But he stumbled upon two books, Deserter, by New York Times reporter Charles Glass, which tracks a group of servicemen who go AWOL, and Bad Characters, by Canberra's eminent military historian Peter Stanley.
"Peter was the chief historian at the Australian War Memorial for 27 years is now at ADFA; this book won the Prime Minister's Prize in History in 2010, it was just fantastic," he says.
"He looks at servicemen in World War I whose files were marked 'character bad', whether it was for theft, desertion, drunk and disorderly, bad behaviour, not taking direction ... some indigenous people were stamped 'character bad' because their skin colour was different.
"And in this book there was one paragraph about a young Scottish-born guy from Melbourne, Thomas Chilton. He volunteers for the army in 1915, gets sent to Gallipoli, survives, gets sent to Belgium and on Christmas Day he gets caught having sex with a Belgian man.
"He's court-martialled on Valentine's Day, found guilty of a serious misdemeanor - I think we can imagine what that is. The punishment was to turn up to a particular weir and go home and serve what would have been decades in a military prison."
As it happens, though, there is not record of this man ever getting on any ship, or doing anything else thereafter.
"No one knows what happened to him. Did he volunteer for another army - apparently that was quite common - did he just disappear, did he spend his life with the Belgian man, what happened to him?" Featherstone says.
"His file is marked 'no further action', and at the end of this paragraph Peter Stanley says, 'The Australian Defence Force is clearly happy to forget their gay soldiers, we should not'.
"I read that line and went, I'm done, I've got everything I need."
Bodies of Men tells the story of William and James, childhood friends who are reunited in the trenches of Egypt. It is a tender, liberating love story, but, as Featherstone originally intended, a provoking one about our definitions of masculinity, bravery and courage.
"As a gay guy, I don't find stories which are only about being gay terribly interesting," he says.
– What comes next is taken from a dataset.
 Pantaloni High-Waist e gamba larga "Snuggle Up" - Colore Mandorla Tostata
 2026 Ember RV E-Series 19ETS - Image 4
"I think people such as Christos Tsiolkas tell more interesting stories because they're about politics and culture and power and gender dynamics, they're just not about one thing. Just because two women fall in love, two men fall in love, that's not particularly interesting.
"I'm more interested in bravery than I am in people being gay, I think being gay is a brave act, desertion is a brave act, finding love in strange places is a brave act, living our own life is a brave act.
"Bodies of Men is more about bravery and courage and what does that mean in really broad terms. It's not just a gay love story."
Featherstone thinks it's crucial that we tell multiple stories about war, "and not just the one story about the young white man who goes from the bush, ends up at Gallipoli, does great stuff, comes home again.
"What about indigenous stories, the frontier stories, what about gay and lesbian stories? More stories need to be told about post traumatic stress disorder.
"How does telling this very narrow version of history affect men and women if you don't fit that version?"
We're sitting outside at Poppy's Cafe at the Australian War Memorial, and on the day before Anzac Day, the place is already teeming with people ahead of the one day where we come together as a nation to hear stories of bravery and courage.
Featherstone longs for a day where everyone's story can be told.
"A million Australian men served in World War II. That some of those were gay or had gay experiences, it's highly likely, but where are those stories?
"We just don't tell them."
Bodies of Men, by Nigel Featherstone. Hachette. $32.99.